El tierno y sencillo don Manuel

El tierno y sencillo don Manuel

ÁNGELA PEÑA
Más que negociante, parecía un monje. Su marcado acento español, la suavidad de su voz que era como un susurro, la manera casi infantil en que pedía esperar, con un gesto gentil, para sumergirse en sus evocaciones y responder con precisión cada pregunta, recordaban a uno de esos auténticos antiguos evangelizadores procedentes de España. Pero los rasgos que lo asemejaban a un entregado y verdadero fraile eran su extrema humildad, su acendrada religiosidad y la asombrosa y prácticamente exagerada entrega al trabajo.

Sorprendía verlo ir y venir por los diferentes departamentos de la empresa cuando aún se encontraba en la Emilio Prud-Homme. Entonces estaba joven para aquellas jornadas: tenía 87 años. Pero continuó en la nueva instalación de la Núñez de Cáceres a la que entraba con la misma puntualidad, exhibiendo igual eficiencia, con el invariable temperamento sencillo, afable, franco, ya sobrepasando los noventa. Don Manuel Corripio representaba, además, la esencia viva y activa de la historia de la familia y era, por otro lado, depositario principal de la clave de la prosperidad que a nadie ocultaba pues él era el más patético ejemplo de la llave que fue la razón de sus progresos: el trabajo.

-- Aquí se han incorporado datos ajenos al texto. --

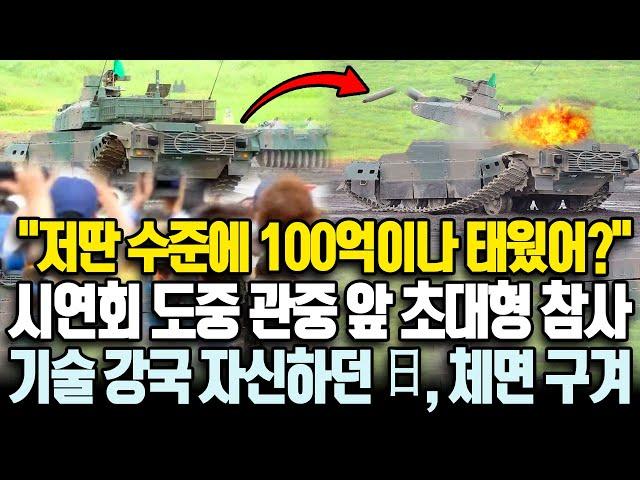[총집편] K2 잡겠다고 야심차게 만들었는데 시연회 도중 초대형 참사 발생에 대당 100억 원 증발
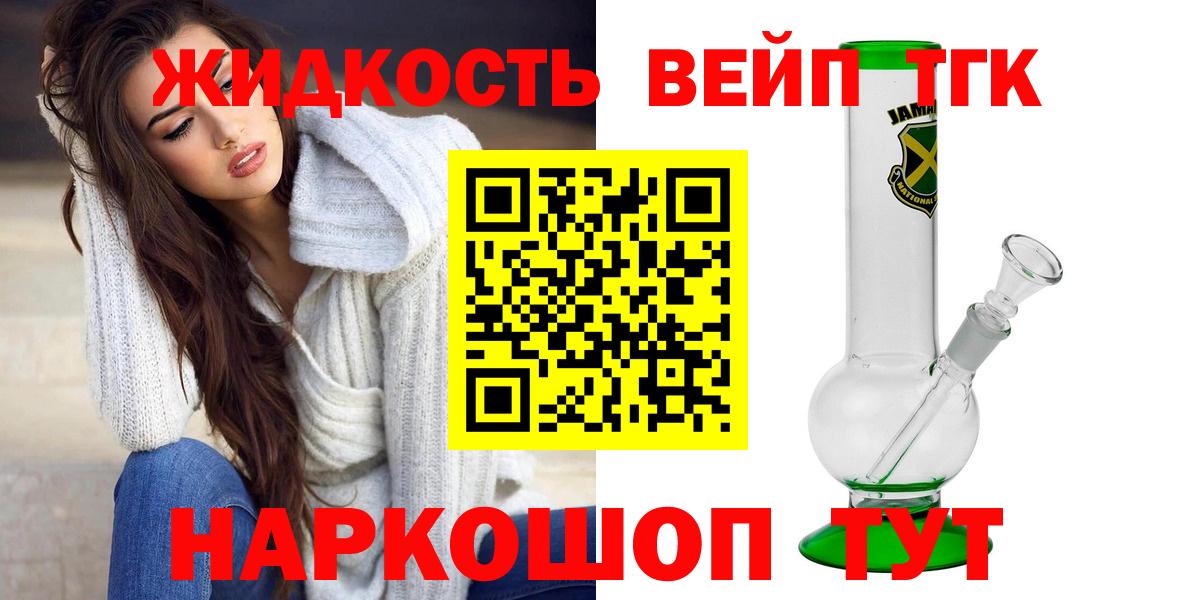 ТГК Wax Екатеринбург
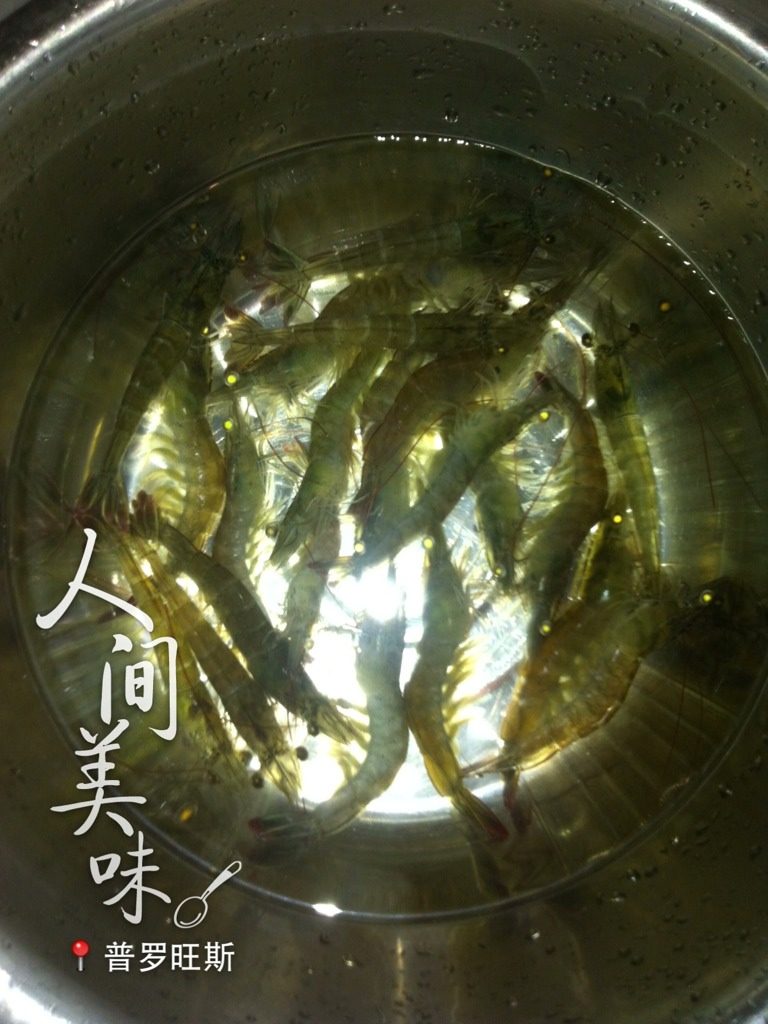 椒盐虾,<a style='color:red;display:inline-block;' href='/shicai/ 293'>基围虾</a>剪掉虾须和虾脚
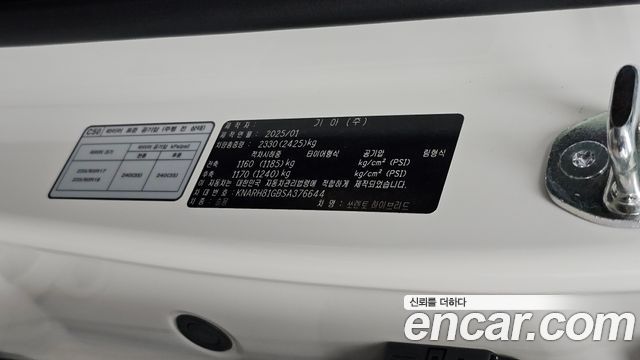 Kia Sorento (IV) HEV 1.6 2WD Gravity 2025 — фото 28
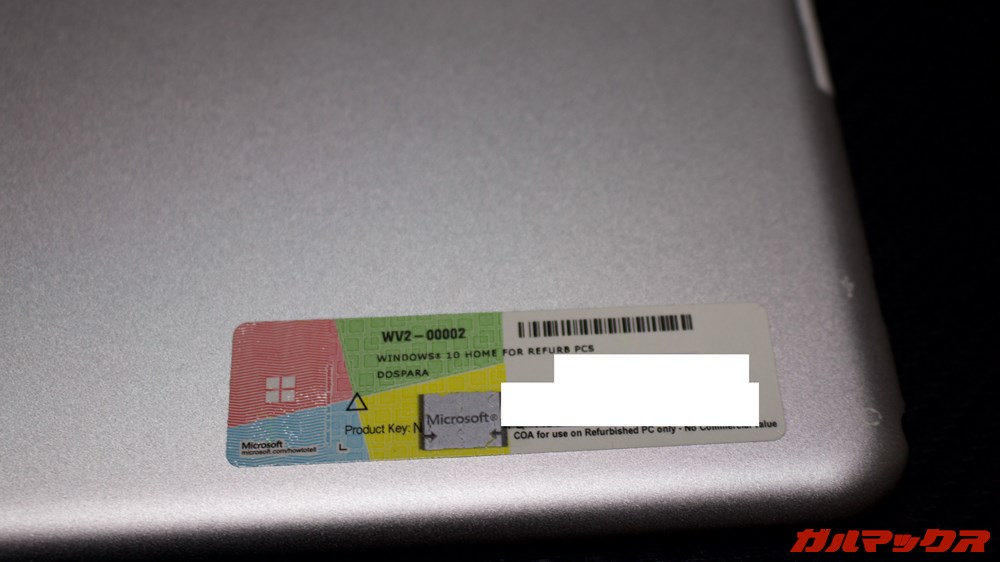 Windows 10 ライセンス認証の手順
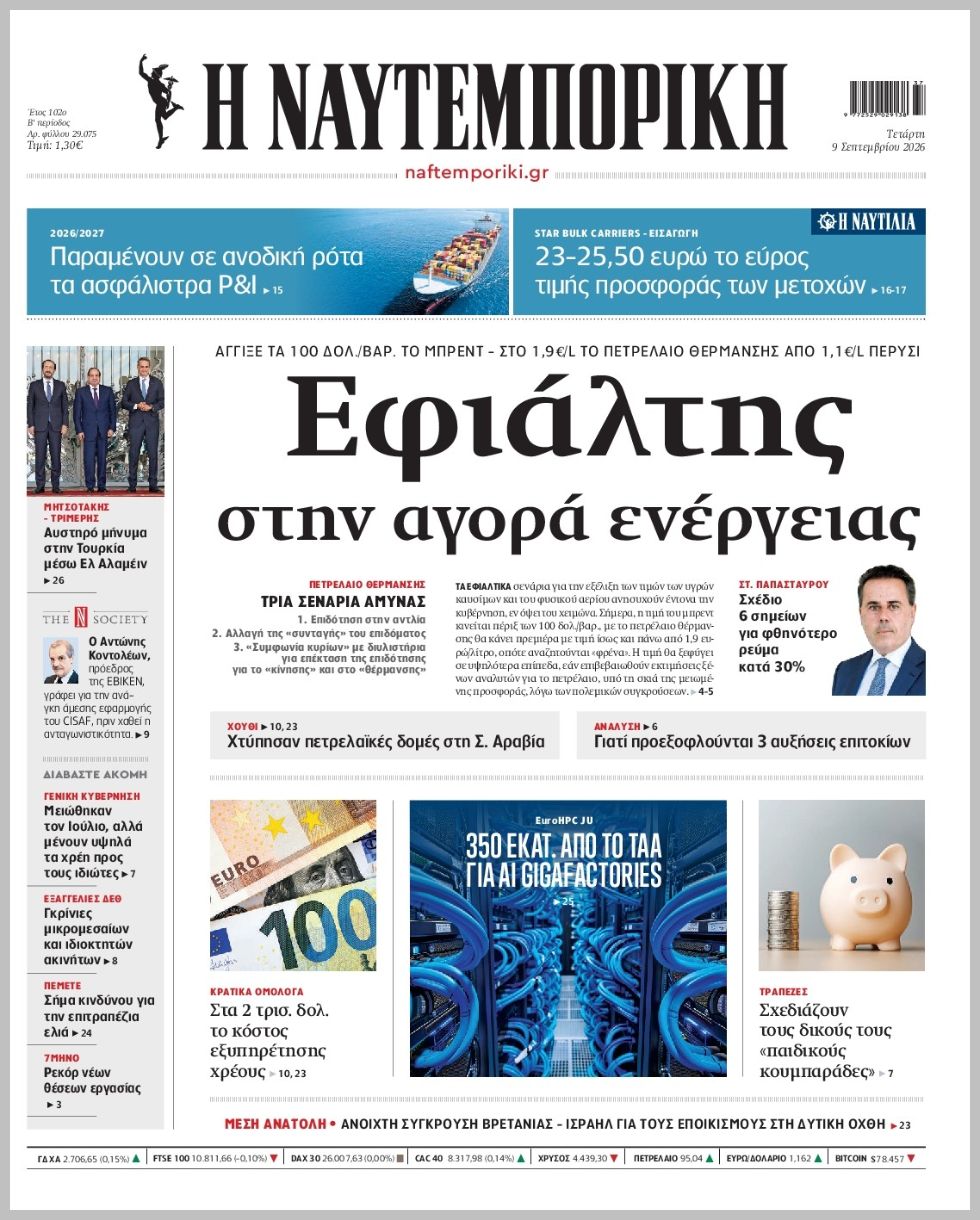 Η ΝΑΥΤΕΜΠΟΡΙΚΗ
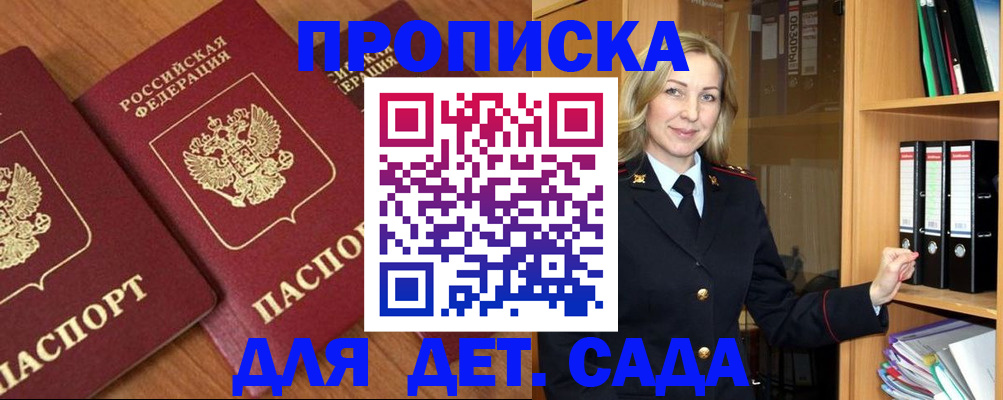 прописка от собственника в Краснокаменске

No era justo desperdiciar tantos años acumulados de conocimientos. Aparte del discurrir familiar, el dulce don Manuel conocía el acontecer nacional y dominaba con admirable precisión la genealogía de prestantes apellidos de hombres y mujeres que fueron clientes, amigos, vecinos, compañeros de labores, de inmigración, colegas del comercio. Planificamos sesiones de grabación en las que puso de manifiesto su memoria lúcida, su narración exacta, recordando con nostalgia la breve vida en España, casi ahogando las palabras cuando hablaba de doña Sara, la esposa fallecida. En esos momentos en que el llanto parecía llegar ineludible, reclamaba la presencia del hijo único como si buscara fortaleza en su compañía. «No te vayas, Pepín», exclamaba.

Porque un detalle impresionante de don Manuel era la íntima compenetración con su unigénito al que profesaba una admiración que inevitablemente reconocía con palabras que brotaban como torrente. «Tanto así no, papá», replicaba don José Luis ruborizado, haciéndole comprender que lo que interesaba saber, era su historia. No reconoció haber legado a su hijo sus destrezas comerciales. Afirmaba que las habilidades de Pepín fueron patrimonio que le dejó la madre, a quien él asignaba la mayor inteligencia.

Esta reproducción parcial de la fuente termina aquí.